TASK REQUIREMENTS - Retype the entries, please, from their first line to the line containing "HIKMICRO Stellar SX60L 3.0 Thermal Scope", exactly and only those lines, minus the pictures.

Short descriptive text snippets -
· · · · · · ·
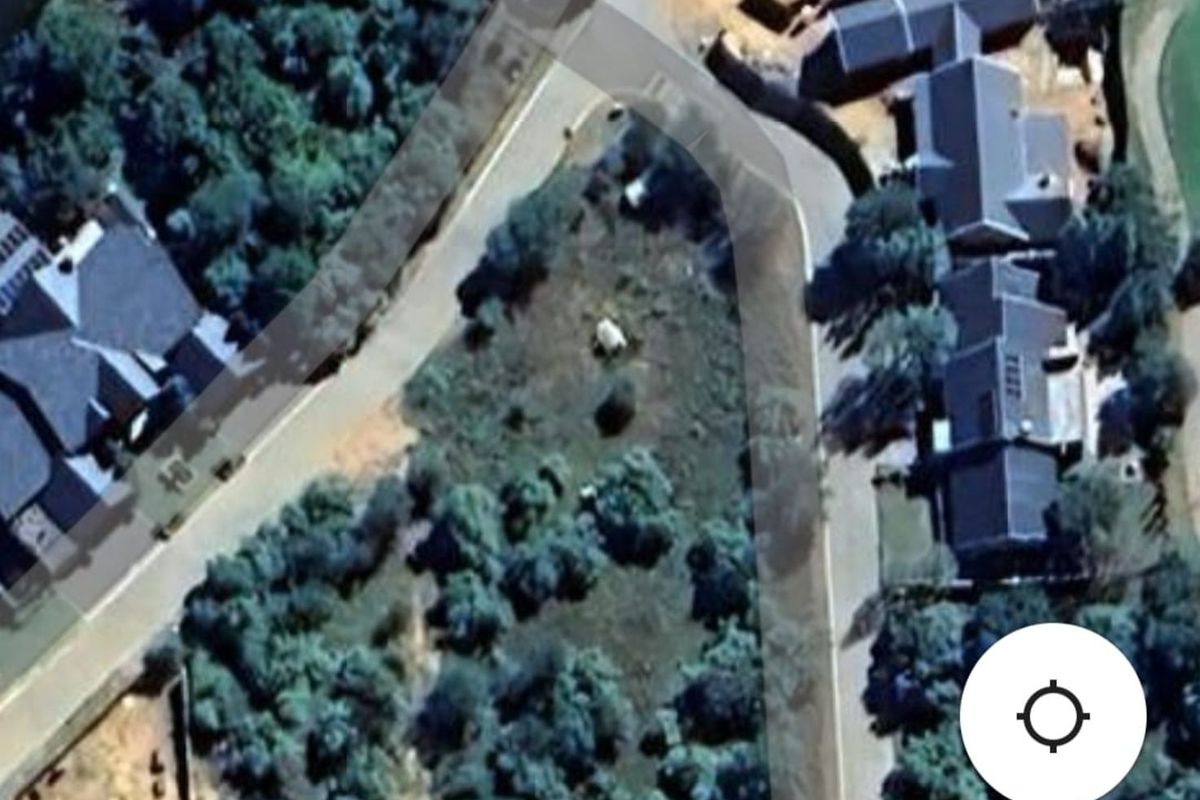 Vacant Land Residential For Sale in Vaal De Grace Golf Estate - Photo 3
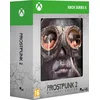XBOX S/X Frostpunk 2 Whiteout Edition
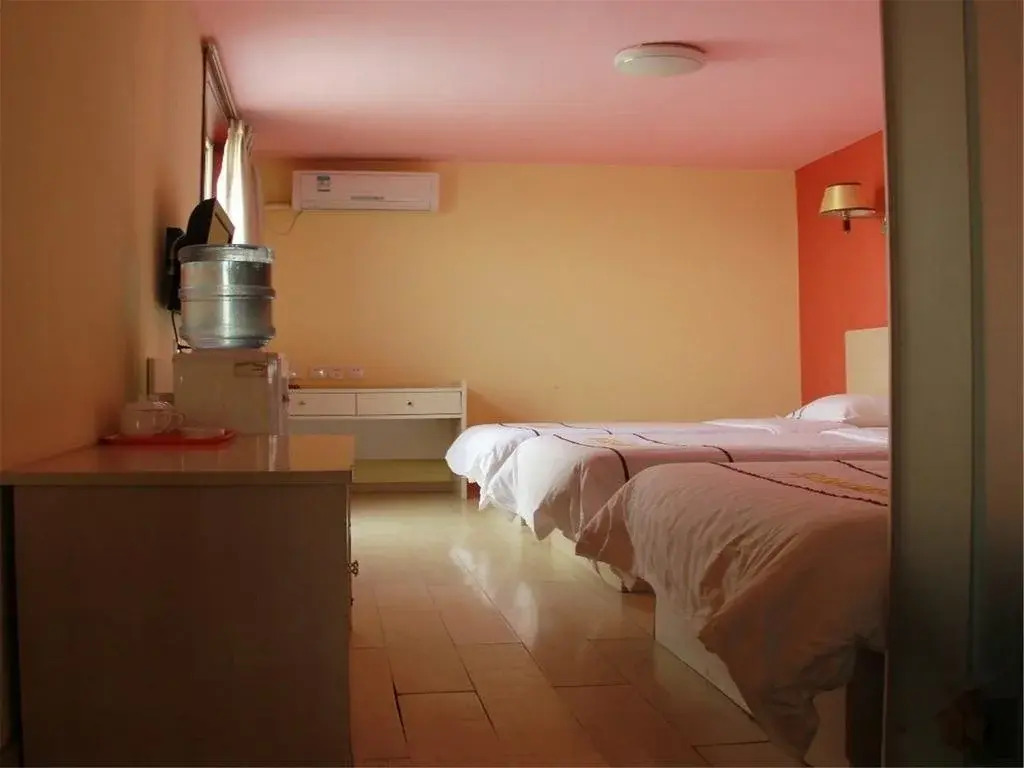 Wang Gui Hotel Heng Jie Zi Branch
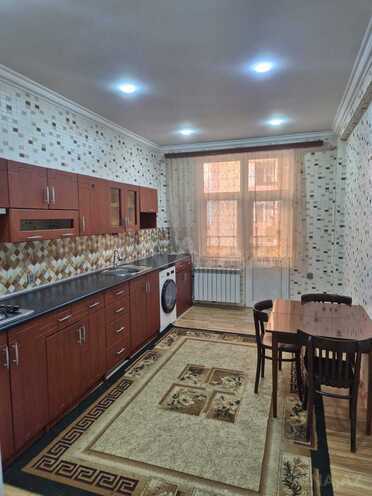 Сдаётся 2-комн. новостройка 57 м², м. Ахмедлы, photo 10 from 12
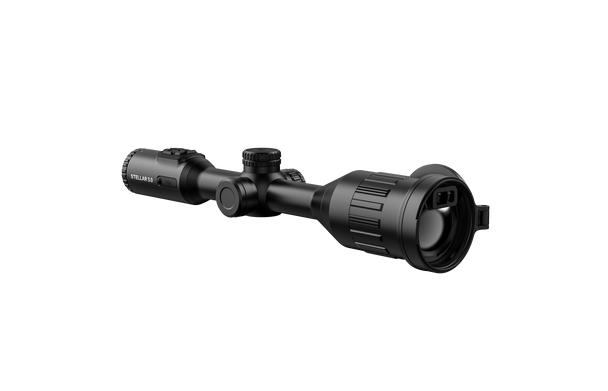 HIKMICRO Stellar SX60L 3.0 Thermal Scope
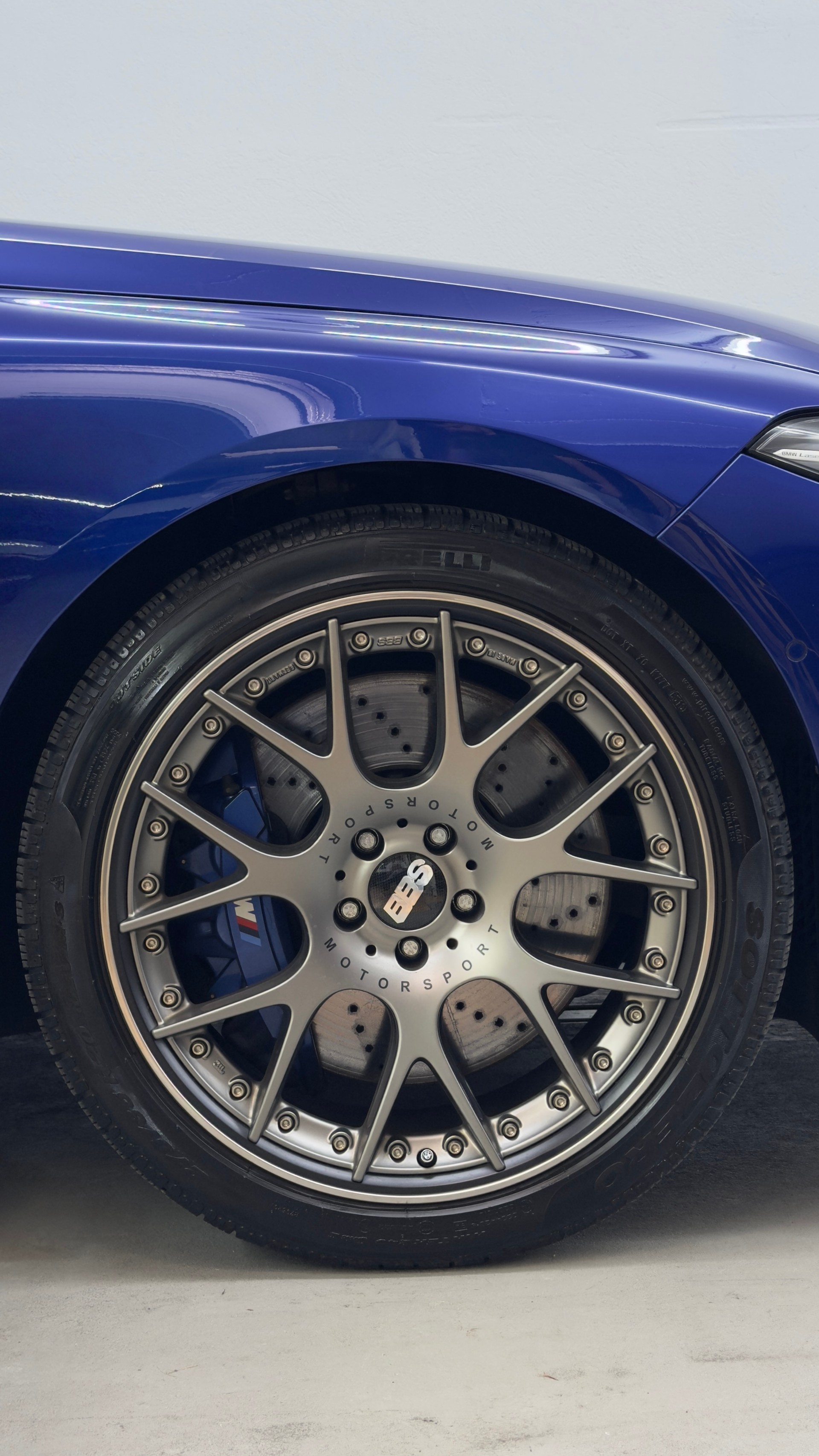 BMW M8 xDrive Steptronic M Competition-image-6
· · · · · · ·
RESULT OF THE EXERCISE -
 Vacant Land Residential For Sale in Vaal De Grace Golf Estate - Photo 3
XBOX S/X Frostpunk 2 Whiteout Edition
 Wang Gui Hotel Heng Jie Zi Branch
 Сдаётся 2-комн. новостройка 57 м², м. Ахмедлы, photo 10 from 12
 HIKMICRO Stellar SX60L 3.0 Thermal Scope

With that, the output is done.